Without providing the root link, Awards Daily has posted the Ten Best Films of 2014 list by Time critic Richard Corliss. Wes Anderson‘s The Grand Budapest Hotel is a ballsy #1 and Alejandro G. Inarritu‘s Birdman is #10. Boyhood is #2 (fine), followed by The LEGO Movie at #3, Goodbye to Language at #5, Jodorowsky’s Dune at #6, Citizenfour at #8 (approved) and Wild Tales at #9 (ditto). But Corliss calling Luc Besson‘s Lucy his #4 film of the year is a problem. There’s no right or wrong way to look at any film, of course, except in the case of a soul-less, faux-Asian piece of CG-driven jizz whizz like Lucy.
An uptown know-it-all from way back, Corliss chose to single out Lucy, I suspect, in order to to demonstrate that he can be as louche and loosey-goosey as the next guy. A simple way to do that is to embrace a crappy film or two. A line in “The Film Snob’s Dictionary” states that the film snob can sometimes be “willfully perverse in his taste.” Check.

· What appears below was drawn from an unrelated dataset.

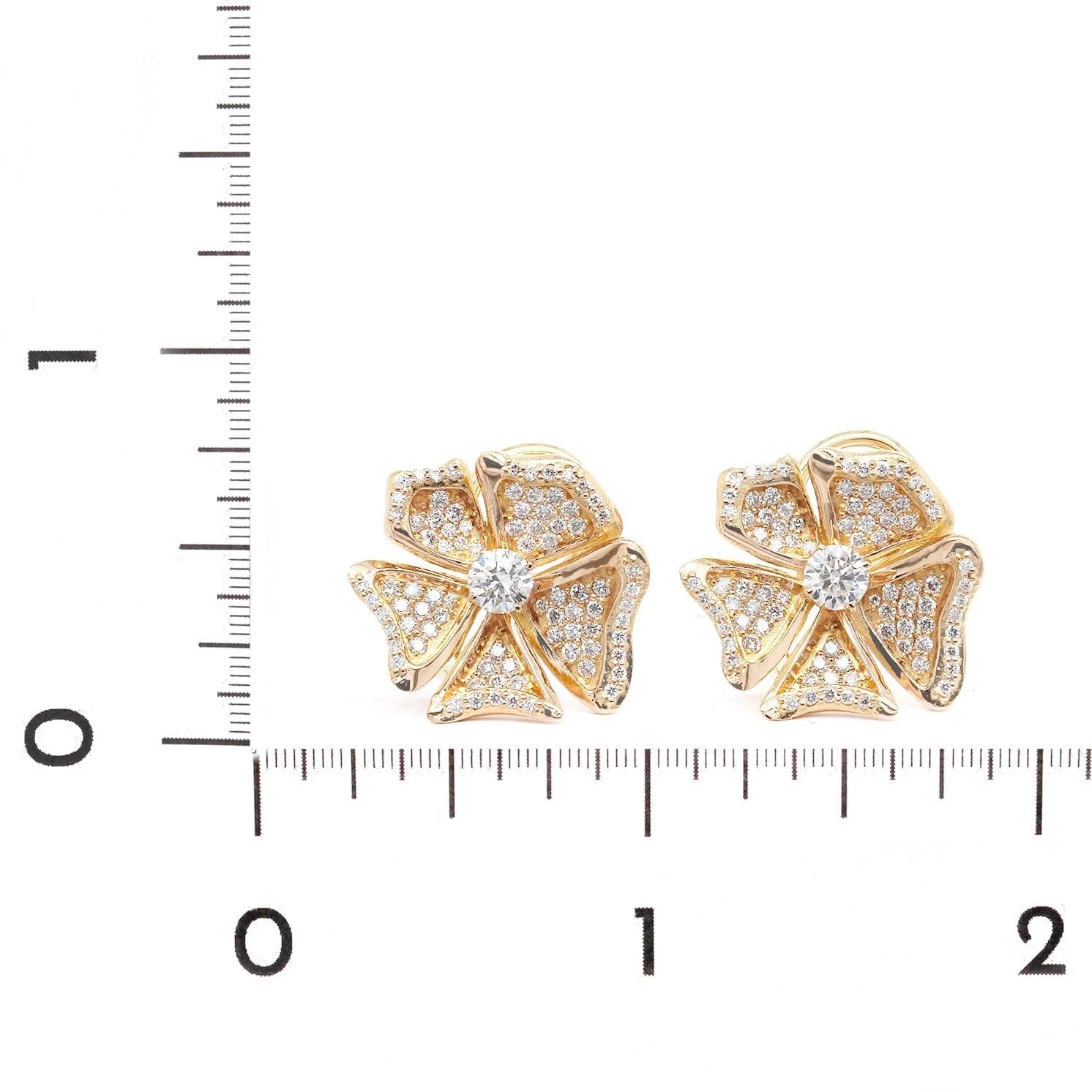 18K Rose Gold Flower Diamond Stud Earrings - Image 2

From my 7.23.14 review: “Trust me, Besson doesn’t care about anything except providing a 2014 version of the standard adrenalized rush that the apes often pay to see. He spent a lot of money on this thing, and the idea, obviously, is to make a lot of money back. Just call him Luc ‘looking for a payday so I can put money into my film school’ Besson.

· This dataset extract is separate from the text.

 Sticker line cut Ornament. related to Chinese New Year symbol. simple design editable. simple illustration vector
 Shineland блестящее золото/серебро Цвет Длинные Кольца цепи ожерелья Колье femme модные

“Lucy is an ambitiously designed, stupidly thoughtful cranked-up wank. But is it a tank? At least it’s not a total blank.”
Once again, HE’s Top Twelve: 1. Birdman (d: Alejandro G. Inarritu); 2. Citizen Four (d: Laura Poitras); 3. Leviathan (d: Andrey Zvyagintsev); 4. Gone Girl (d: David Fincher); 5. Boyhood (d: Richard Linklater); 6. A Most Violent Year (d: J.C. Chandor); 7. Wild Tales (d: Damian Szifron); 8. A Most Wanted Man (d: Anton Corbijn); 9. The Babadook (d: Jennifer Kent); 10. Locke (d: Steven Knight); 11. Nightcrawler (d: Dan Gilroy); 12. The Drop (d: Michael R. Roskam).